DÉPRESSION SAISONNIÈRE
Que la Compagnie Créole ait lancée un hymne à la gloire d’Obama peut se comprendre.
Encore que ne me viendrait pas à l'idée de voter pour Fabius ou Strauss-Kahn sous prétexte qu'ils sont d'origine juive.
Mais que Dominique de Villepin, dans une interview au Journal du Dimanche de cette semaine, lance extatiquement que le candidat démocrate représente «l'homme nouveau» en mettant en avant ses origines, me révulse.
Il fut un temps où l’aryanité était censée incarner l'avenir radieux.
La démarche à laquelle nous assistons mondialement est exactement similaire.
Jamais peut-être l'essentialisme d'un être, jamais l'obsession de la race d'un homme n'avait atteint pareils vertigineux sommets.
Je me fous de l'origine d’Obama. Si j'étais Américain, et en dépit de son incontestable talent, je ne voterai pas pour lui, pour des raisons étrangères à la couleur de sa peau et qui tiennent uniquement à son positionnement politique.
Il y a quelques années, j'ai créé le barbarisme de xénophilie pour illustrer cette dilection particulière pour l’altérité.
Mais xénophilie et xénophobie sont les deux facettes de la même médaille racialiste.
Dans un récent éditorial, Le Monde dénonçait la campagne de McCain, lui reprochant ses attaques contre le candidat démocrate.

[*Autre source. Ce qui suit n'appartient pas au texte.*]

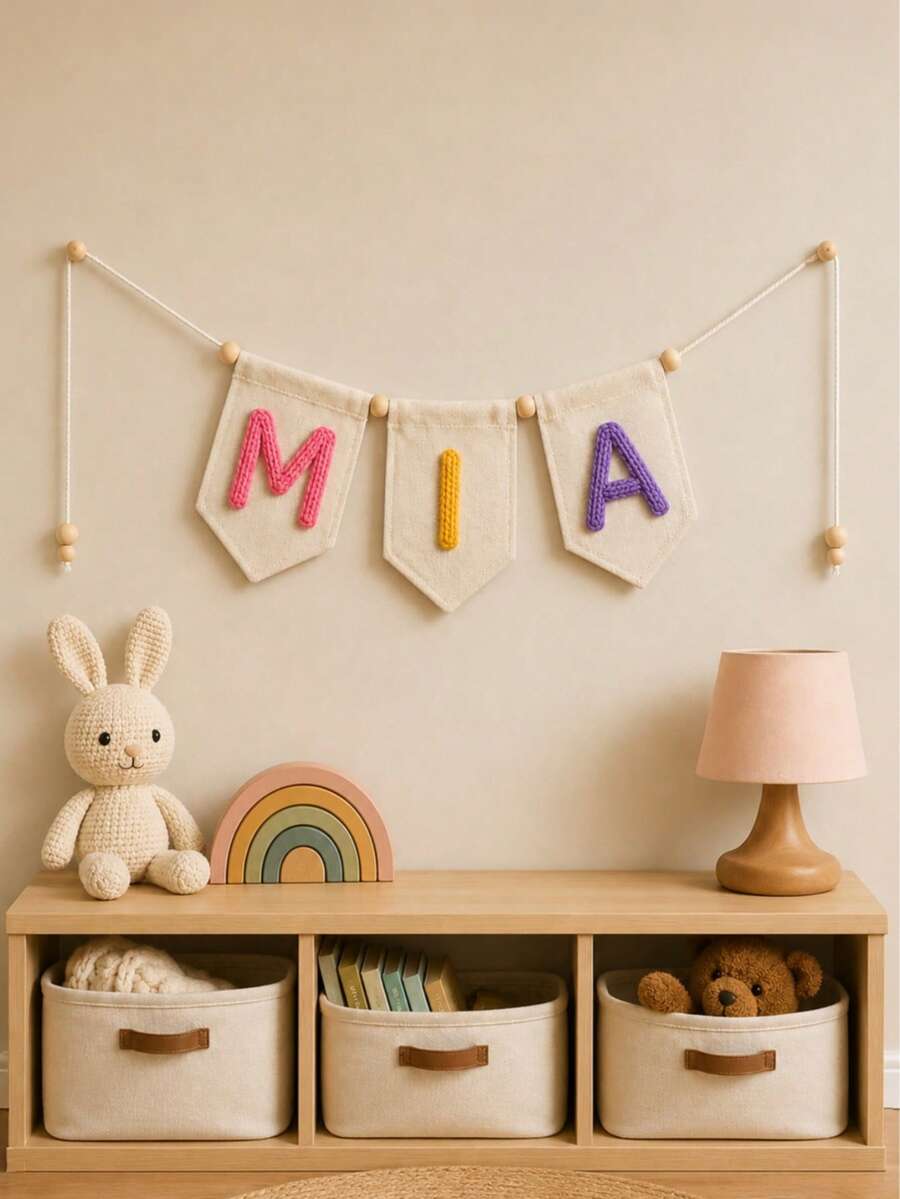 Custom Name Canvas Banner, Personalized Wall Decor, Handmade Room Hanging Sign, Gift, Earth Tones - Multicolor - View 1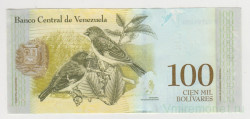 Банкнота. Венесуэла. 100000 боливаров 2017 год. (Серия B - золотистый номинал).
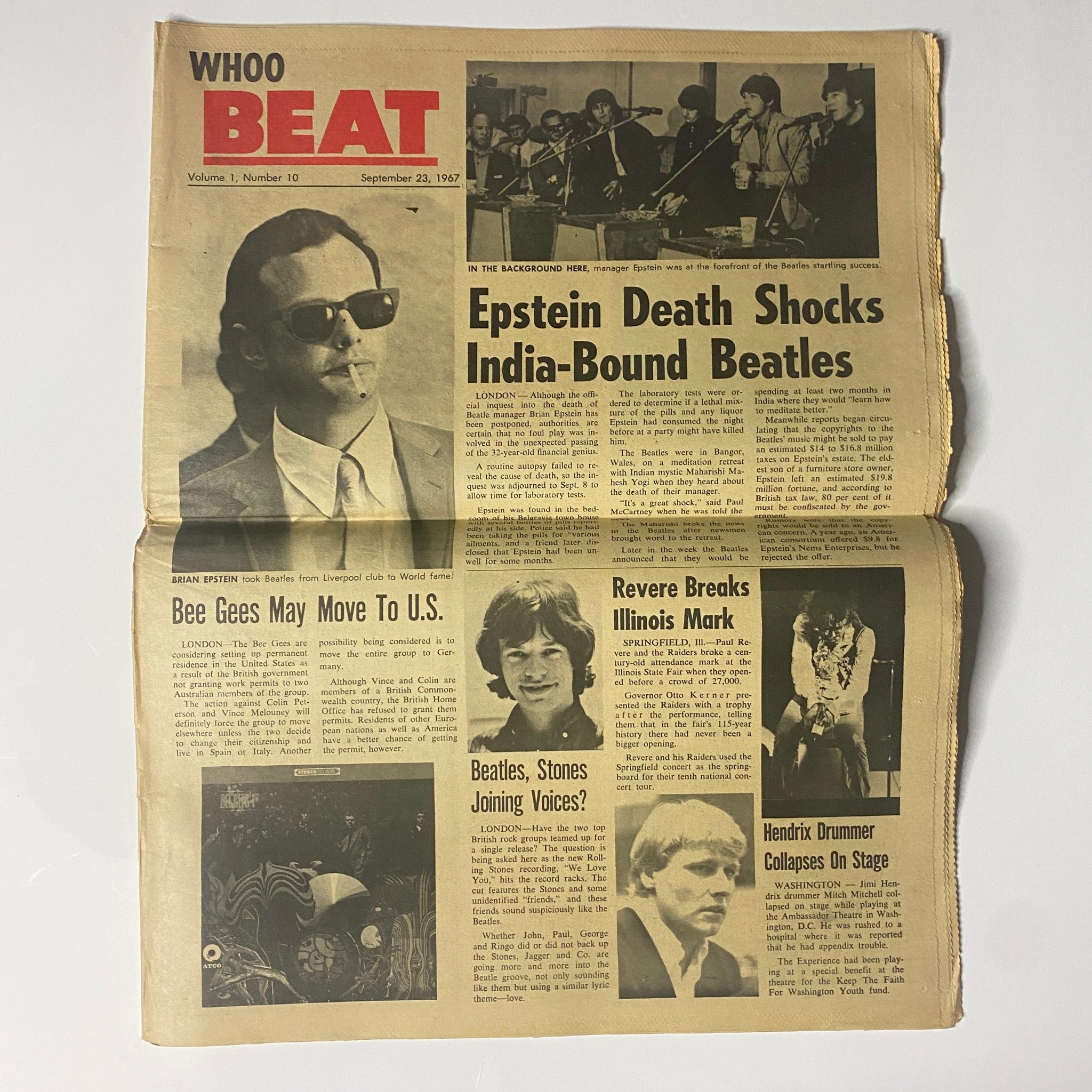 Whoo Beat Tabloid Magazine, September 23, 1967, featuring the headline 'Epstein Death Shocks India-Bound Beatles', reports on Brian Epstein's passing and cultural impact, including articles on the Bee Gees, Beatles and Stones collaboration, and Paul Revere and the Raiders' record performance.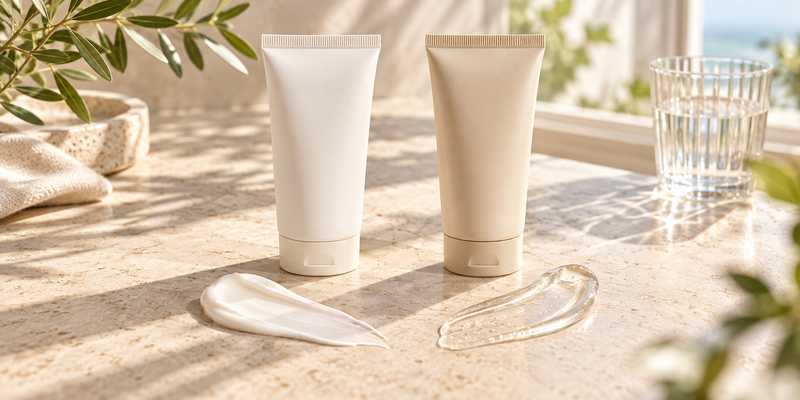 Two sunscreen tubes beside a creamy white swatch and a clear gel swatch on a sunlit stone surface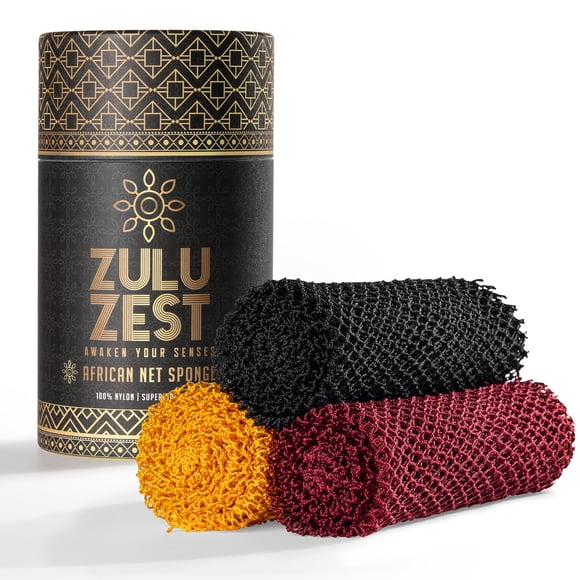 Paño de baño Zulu Zest African Net Sponge exfoliante, paquete de 3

Et le journal, déjà, de prévenir : Si Obama était battu, la déception qui en résulterait chez les minorités serait grosse de tous les dangers.
Pourtant, les pires détracteurs américains du candidat républicain ont reconnu la remarquable tenue de sa campagne. Je n'ai lu nulle part dans la presse d'outre-Atlantique que le racisme anti- noir avait constitué le fonds de commerce du représentant de l'Arizona.
J'ai lu cependant, que venir reprocher au démocrate son «extrémisme» supposé était déjà sujet à soupçons.
Il résulte des consternants postulats xénophiliques qui précèdent, que si Obama, gagne ce sera l'aube d'un nouveau jour. Mais que, s'il perd, ce sera la marque du retour de l'infamie.
Puisque nous en sommes là, encore quelques petites nouvelles du Monde : entendu Philippe Val, sur une radio périphérique dire tout son écœurement pour l'attitude du quotidien dans l'affaire Siné.
Reçu hier un courriel de Benjamin Barthe (voir mon dernier blog-note «Misère et servitude du prolétariat médiatique») : sans trop d'humour ni d'aménité, notre journaliste militant (qui nous vient de l’Humanité) veut me prouver que les Arabes de Palestine ont également utilisé le vocable «palestinien», y compris dans le domaine sportif.
Ai-je soutenu le contraire ? Ai-je jamais nié leur spécificité ? Dans toutes mes conférences, dans tous mes livres (y compris le dernier avec Adler) j'affirme que ceux-ci disposent d'un excellent dossier, qu'ils gâchent depuis toujours tant en raison de leur irrédentisme que de leurs méthodes. Il faut dire que leurs soutiens européens extatiques, M. Barthe, ne leur facilitent guère le nécessaire travail de réflexion critique.
J'écrivais seulement – et je le confirme – que les Arabes de la Palestine mandataire se définissaient davantage en tant que tels – ou en tant que musulmans – plutôt qu'en termes de «Palestiniens».
À cette époque, et notamment en Europe, le vocable s'appliquait plus souvent pour évoquer les habitants juifs du territoire de Palestine. Ce qui, soit dit en passant, était tout aussi injustement réducteur que lorsqu'on l'applique aujourd'hui au bénéfice des seuls Arabes. Raison pourquoi, lorsque les sionistes de Palestine ont créé une association footballistique «palestinienne», ils se situaient dans une pure perspective nationale juive, à l'identique de la démarche arabe palestinienne actuelle.
Il semblerait que M. Barthe et ses amis soient moins sensibles à cette réduction linguistique contemporaine.
Voilà pourquoi, avec une candeur désarmante, notre journaliste se plaint de ce que l'association «palestinienne» de 1934 ne comportait aucun arabe, mais qu'il relève pour lui, littéralement, de l'impensable de s'étonner que celle d'aujourd'hui soit exclusive de tout juif.